» **What to do**
Return the entries exactly. Images are not part of the copy.

» **Excerpted data**

######

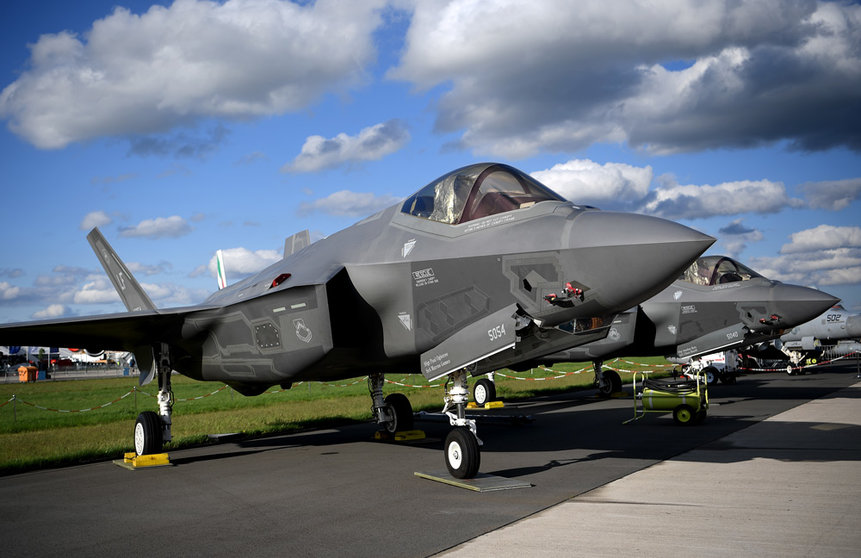 FILED - 25 April 2018, Berlin: A Lockheed Martin F-35 stealth jet from the US with a radar unit from defence contractor Hensoldt is on display at the German Aerospace Exhibition (ILA). The German government wants to equip its air force with US-built F-35 stealth military jets, government sources have told dpa. Photo: Britta Pedersen/zb/dpa.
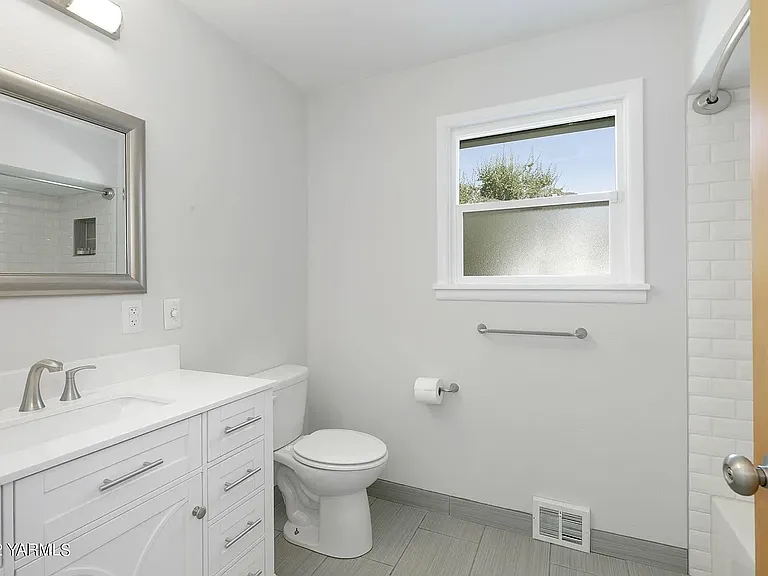 6315 Summitview Ave — Photo 7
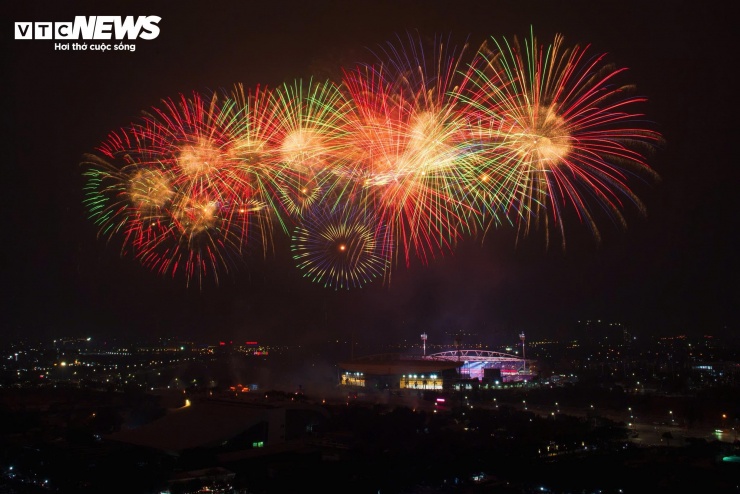 Quan sát từ khu vực Sân vận động Quốc gia Mỹ Đình, nhiều người dân bày tỏ sự phấn khích khi lần đầu được chứng kiến màn trình diễn pháo hoa tầm cao kết hợp hệ thống hỏa thuật với quy mô lớn và cách tổ chức chuyên nghiệp.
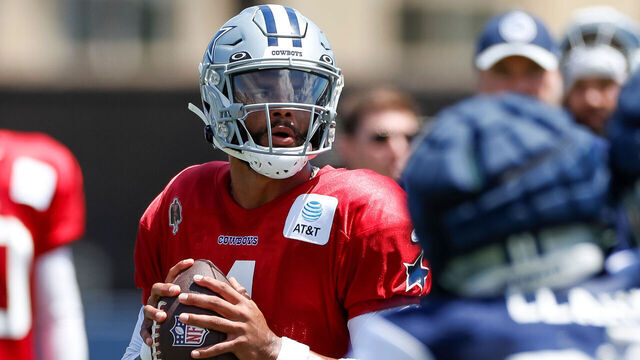 OXNARD, CA - AUGUST 15: Dallas Cowboys quarterback Dak Prescott (4) looks for an open receiver during the team's training camp at Marriott Residence Inn at River Ridge on August 15, 2023, in Oxnard, CA.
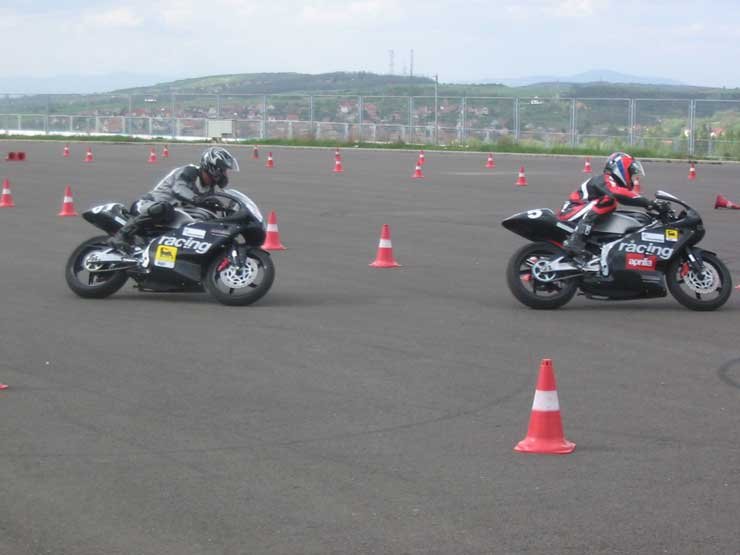 Igen alacsony a négynapos kurzus 69 900 forintos ára. Ebben a motor és a gumi is benne van. A felszerelést hozni kell, de bérelni is lehet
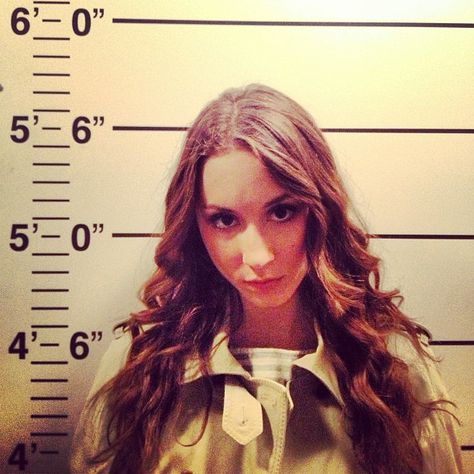 Pretty Little Liars Spencer in jail Spencer Pll, Pretty Little Liars Spencer, Pll Cast, Troian Bellisario, Spencer Hastings, Girl Celebrities, Tv Girls, Mug Shots, Hollywood Stars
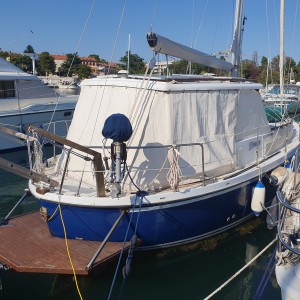 Ferretti Altura 33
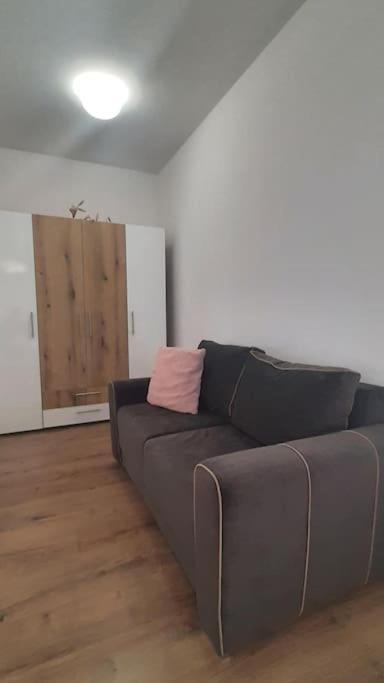بلوفديف Rowing Base Apartment المظهر الخارجي الصورة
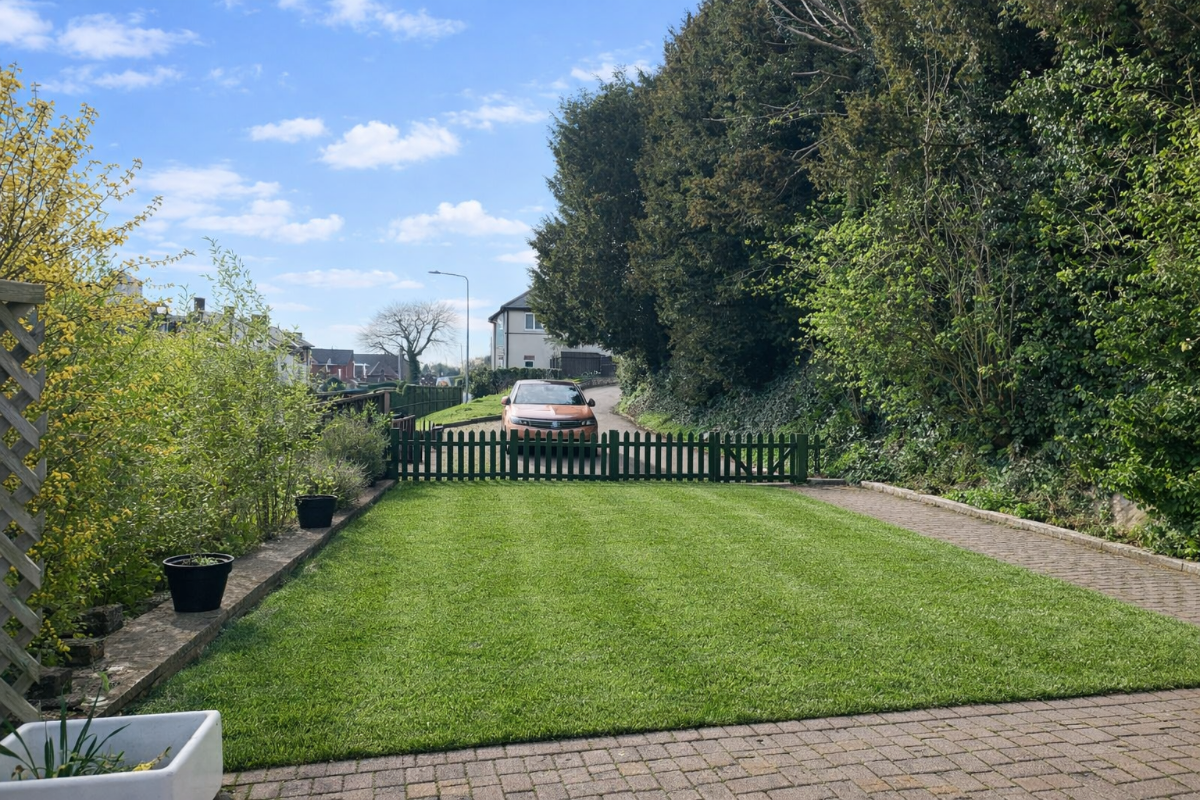 5 bed semi-detached house to rent in Shaftesbury Road, Wilton 1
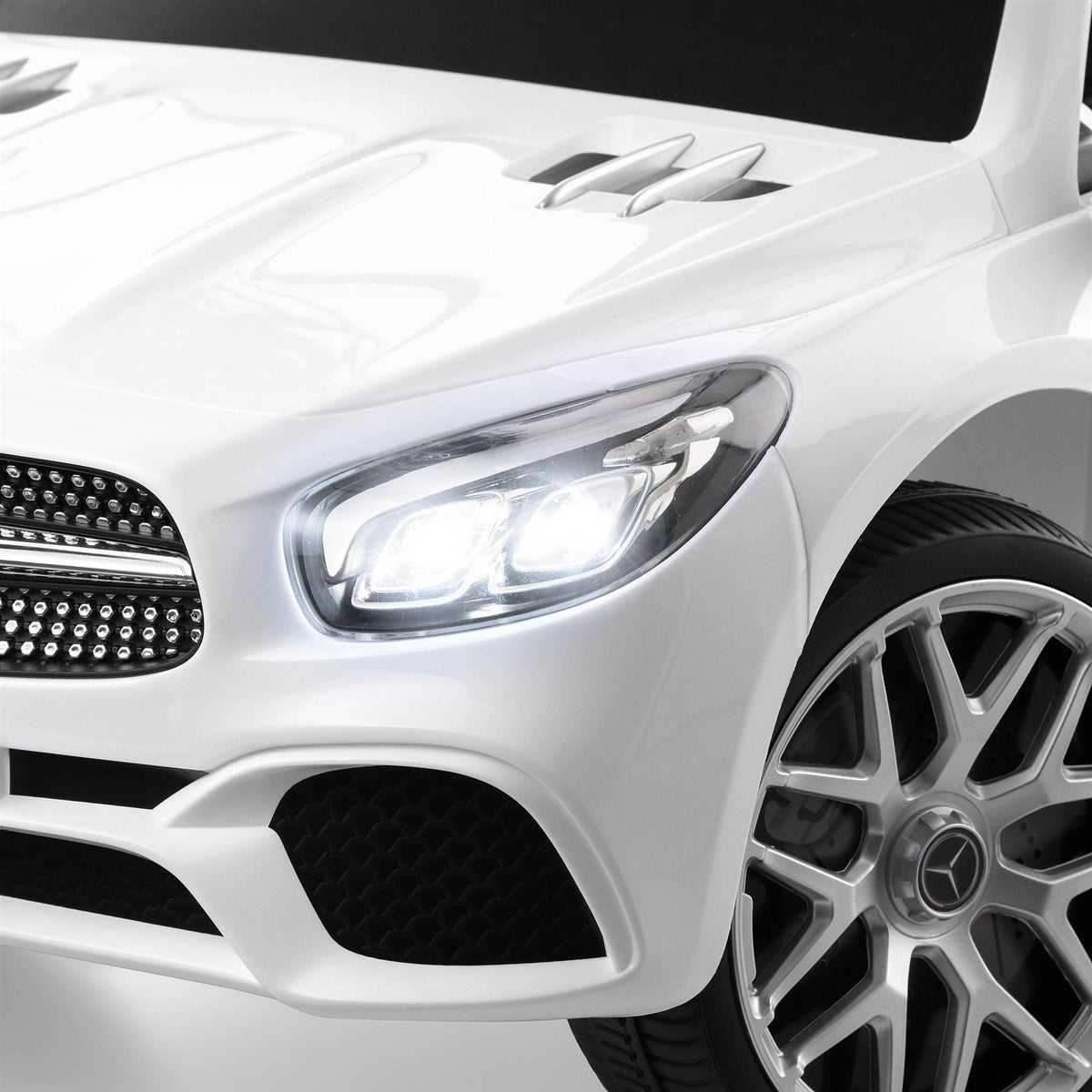 Xootz Mercedes-Benz SL 6V Kids Ride-On Car - White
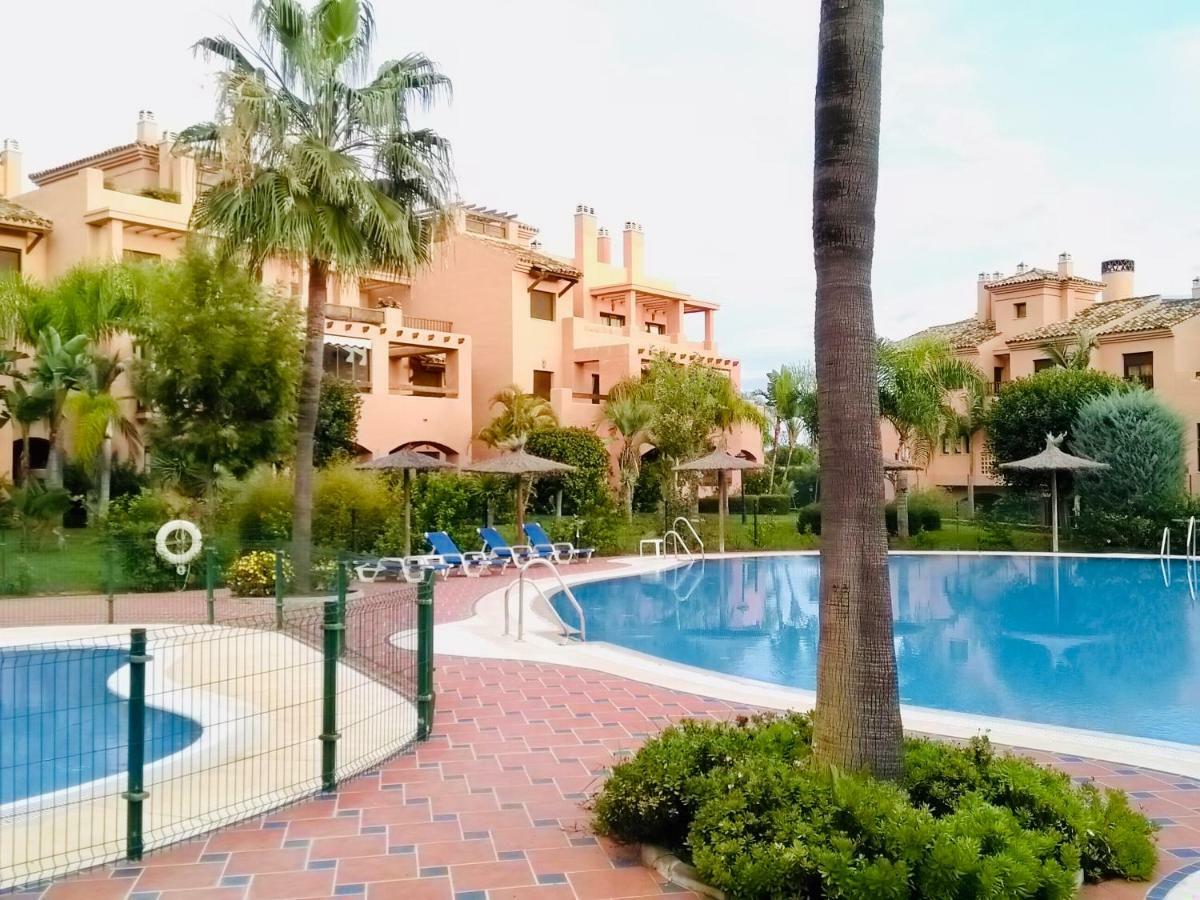 Hacienda Del Sol Beachside And Golf Apt Marbella Puerto Banus Apartment Estepona Luaran gambar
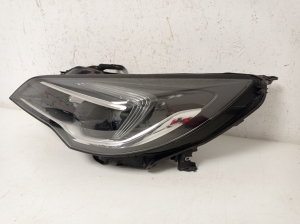 Opel Astra K (2015–2021) Headlight 39158007 - 5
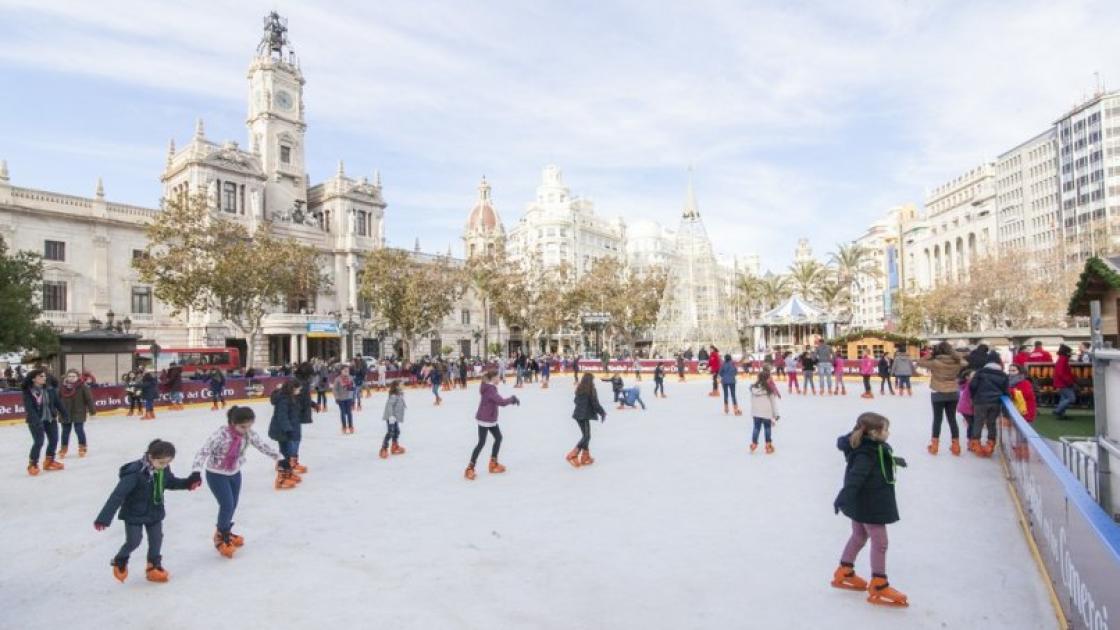 pista de patinaje en plaza del ayuntamiento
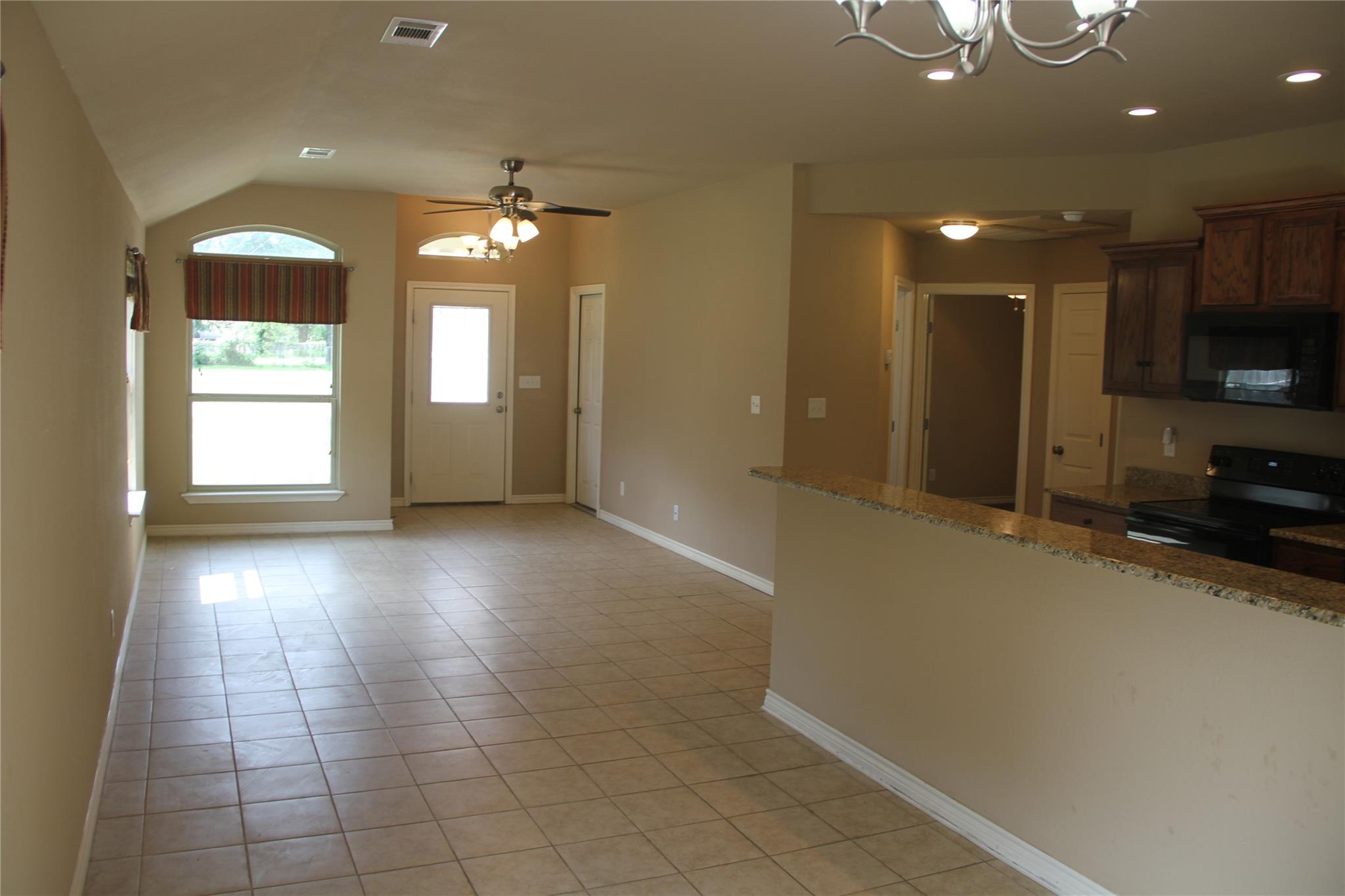 121 Bluebonnet Dr, Early, TX 76802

######

» **Problem solution**
 FILED - 25 April 2018, Berlin: A Lockheed Martin F-35 stealth jet from the US with a radar unit from defence contractor Hensoldt is on display at the German Aerospace Exhibition (ILA). The German government wants to equip its air force with US-built F-35 stealth military jets, government sources have told dpa. Photo: Britta Pedersen/zb/dpa.
 6315 Summitview Ave — Photo 7
 Quan sát từ khu vực Sân vận động Quốc gia Mỹ Đình, nhiều người dân bày tỏ sự phấn khích khi lần đầu được chứng kiến màn trình diễn pháo hoa tầm cao kết hợp hệ thống hỏa thuật với quy mô lớn và cách tổ chức chuyên nghiệp.
 OXNARD, CA - AUGUST 15: Dallas Cowboys quarterback Dak Prescott (4) looks for an open receiver during the team's training camp at Marriott Residence Inn at River Ridge on August 15, 2023, in Oxnard, CA.
 Igen alacsony a négynapos kurzus 69 900 forintos ára. Ebben a motor és a gumi is benne van. A felszerelést hozni kell, de bérelni is lehet
 Pretty Little Liars Spencer in jail Spencer Pll, Pretty Little Liars Spencer, Pll Cast, Troian Bellisario, Spencer Hastings, Girl Celebrities, Tv Girls, Mug Shots, Hollywood Stars
 Ferretti Altura 33
بلوفديف Rowing Base Apartment المظهر الخارجي الصورة
 5 bed semi-detached house to rent in Shaftesbury Road, Wilton 1
 Xootz Mercedes-Benz SL 6V Kids Ride-On Car - White
 Hacienda Del Sol Beachside And Golf Apt Marbella Puerto Banus Apartment Estepona Luaran gambar
 Opel Astra K (2015–2021) Headlight 39158007 - 5
 pista de patinaje en plaza del ayuntamiento
 121 Bluebonnet Dr, Early, TX 76802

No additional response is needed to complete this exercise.